> **Requirement**: Look below for the line with "MK gold with crystals watch"; begin the copy there and stop after the line with "PAVOI 14K Gold", keeping the text exact and the pictures out.

═════ Data in this exercise

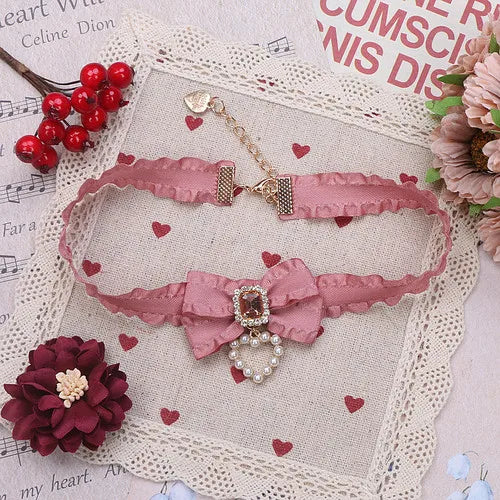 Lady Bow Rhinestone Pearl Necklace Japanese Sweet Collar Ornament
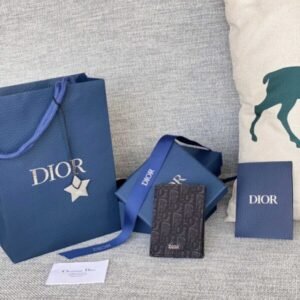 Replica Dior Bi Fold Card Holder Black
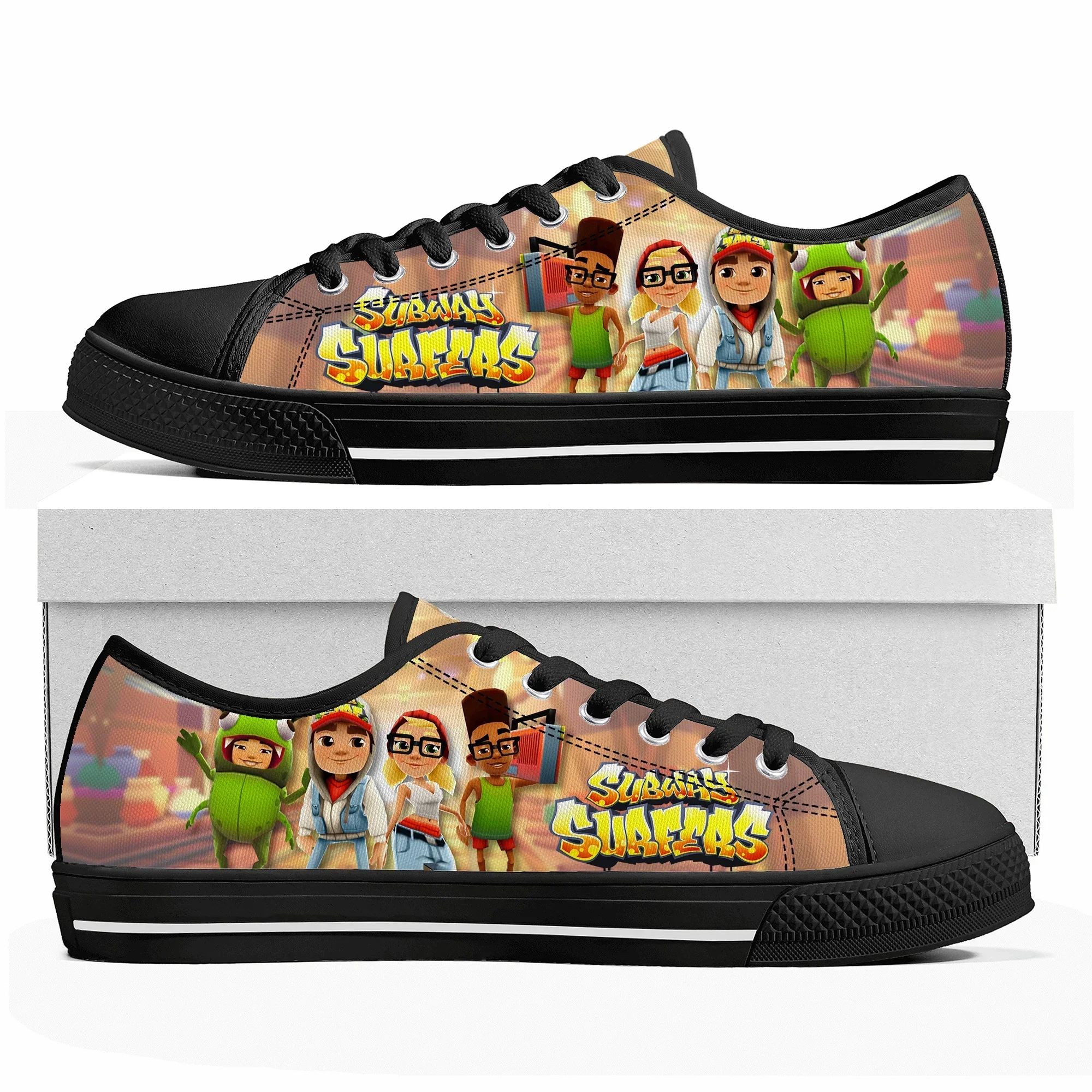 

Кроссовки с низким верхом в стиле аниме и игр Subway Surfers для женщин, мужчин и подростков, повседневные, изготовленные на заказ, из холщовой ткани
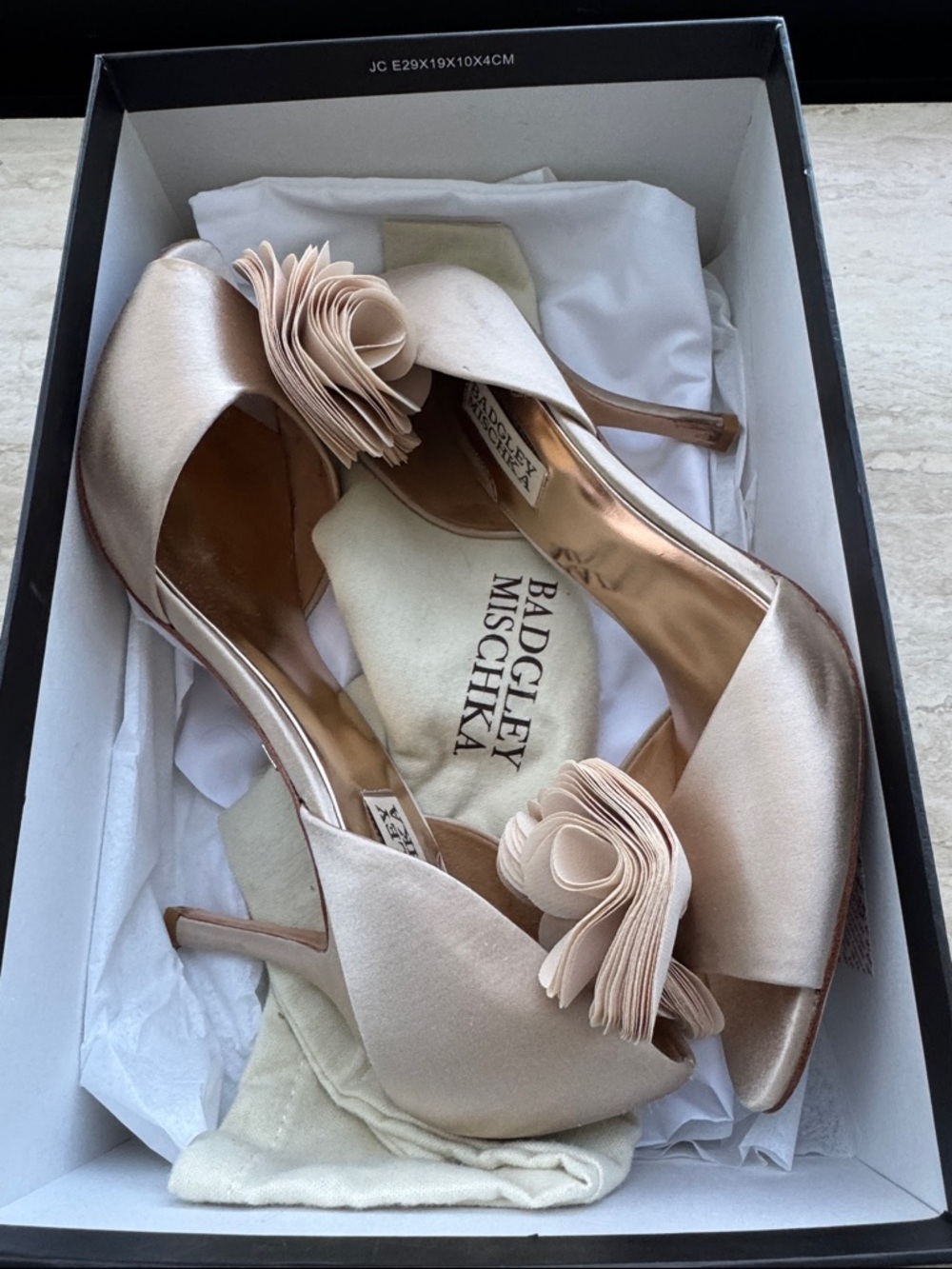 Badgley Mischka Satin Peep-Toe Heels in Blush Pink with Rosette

══════════
═════ Data in this exercise

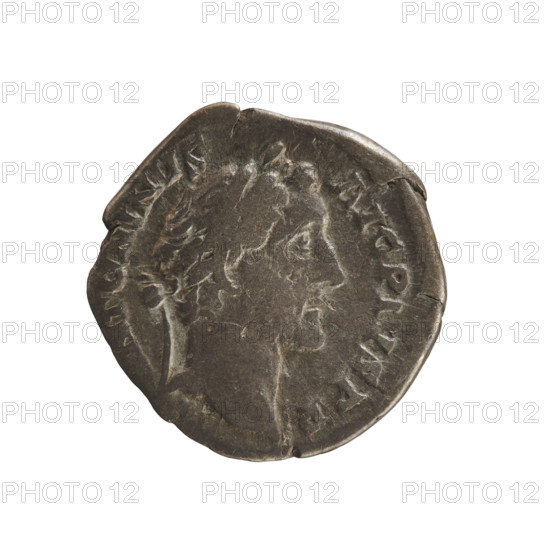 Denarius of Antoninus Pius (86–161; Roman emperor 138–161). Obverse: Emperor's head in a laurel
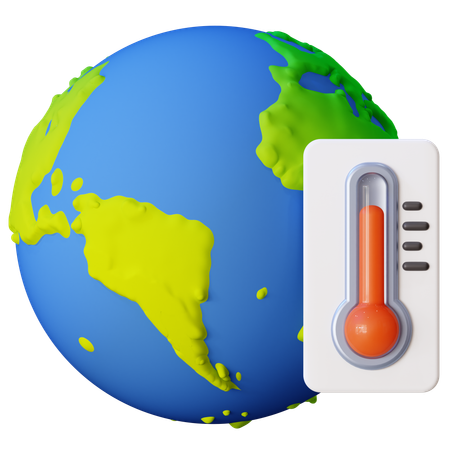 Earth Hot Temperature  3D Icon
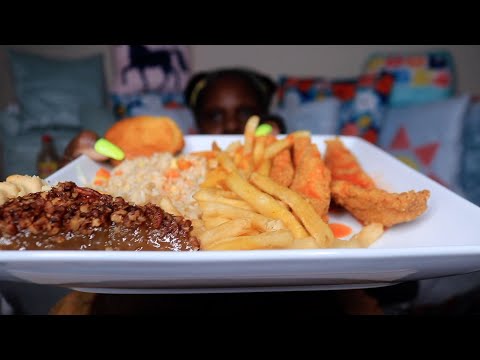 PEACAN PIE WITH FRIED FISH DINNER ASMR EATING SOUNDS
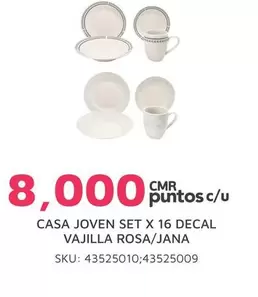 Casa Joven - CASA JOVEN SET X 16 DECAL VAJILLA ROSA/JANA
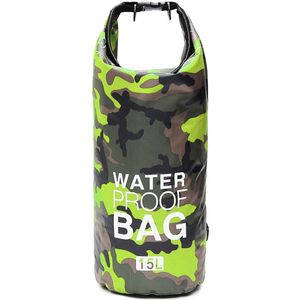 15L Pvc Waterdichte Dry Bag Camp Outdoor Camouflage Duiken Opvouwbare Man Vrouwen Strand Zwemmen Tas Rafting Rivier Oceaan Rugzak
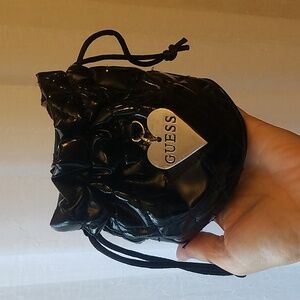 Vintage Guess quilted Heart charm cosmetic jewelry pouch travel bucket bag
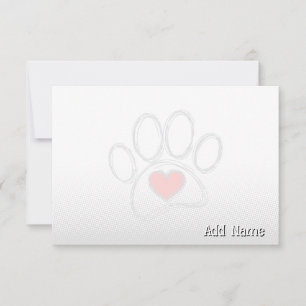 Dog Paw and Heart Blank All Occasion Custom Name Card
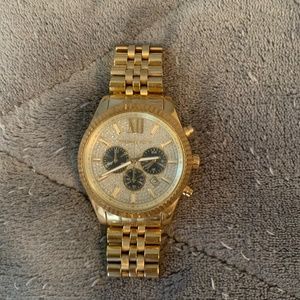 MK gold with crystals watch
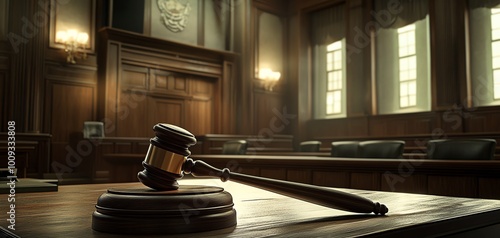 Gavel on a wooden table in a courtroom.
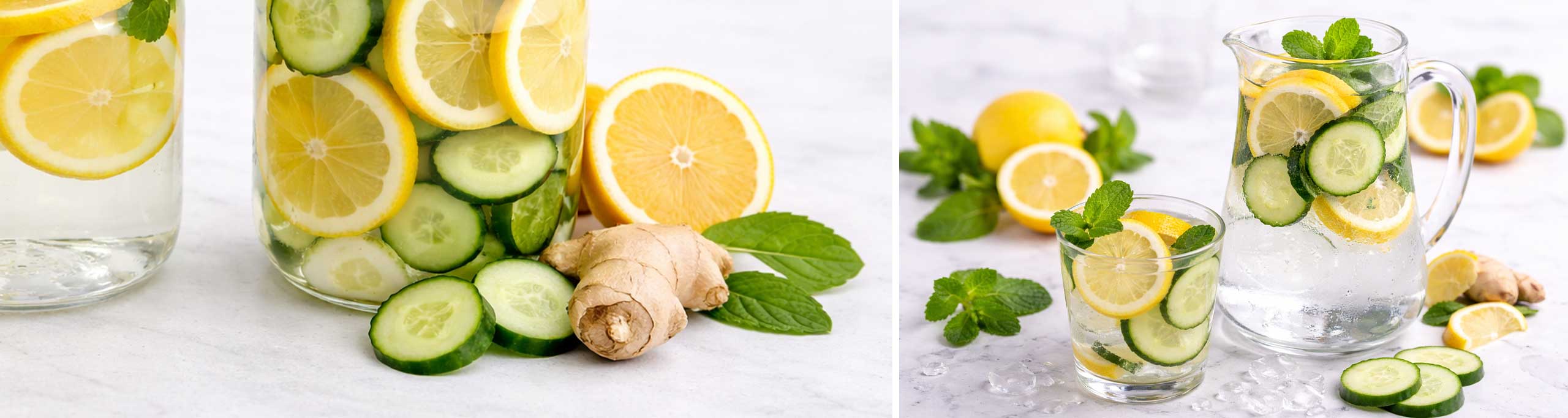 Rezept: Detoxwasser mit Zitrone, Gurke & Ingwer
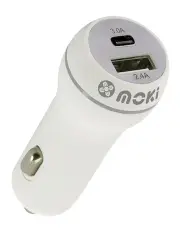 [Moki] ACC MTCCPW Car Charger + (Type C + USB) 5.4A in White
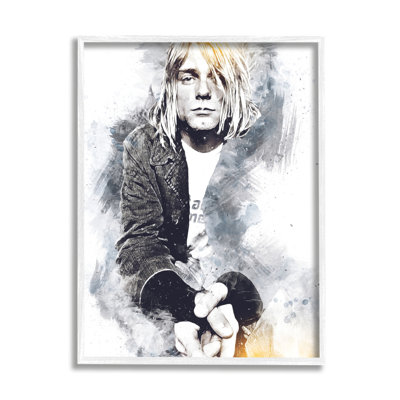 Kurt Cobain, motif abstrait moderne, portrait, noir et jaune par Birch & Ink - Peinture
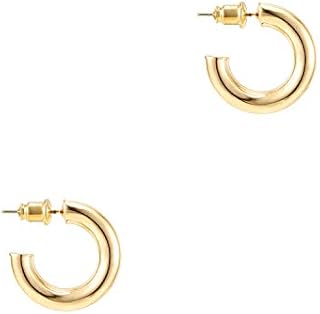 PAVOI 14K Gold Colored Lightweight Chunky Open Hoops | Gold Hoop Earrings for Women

══════════

> **Reply to the task**:
 MK gold with crystals watch
 Gavel on a wooden table in a courtroom.
 Rezept: Detoxwasser mit Zitrone, Gurke & Ingwer
 [Moki] ACC MTCCPW Car Charger + (Type C + USB) 5.4A in White
 Kurt Cobain, motif abstrait moderne, portrait, noir et jaune par Birch & Ink - Peinture
 PAVOI 14K Gold Colored Lightweight Chunky Open Hoops | Gold Hoop Earrings for Women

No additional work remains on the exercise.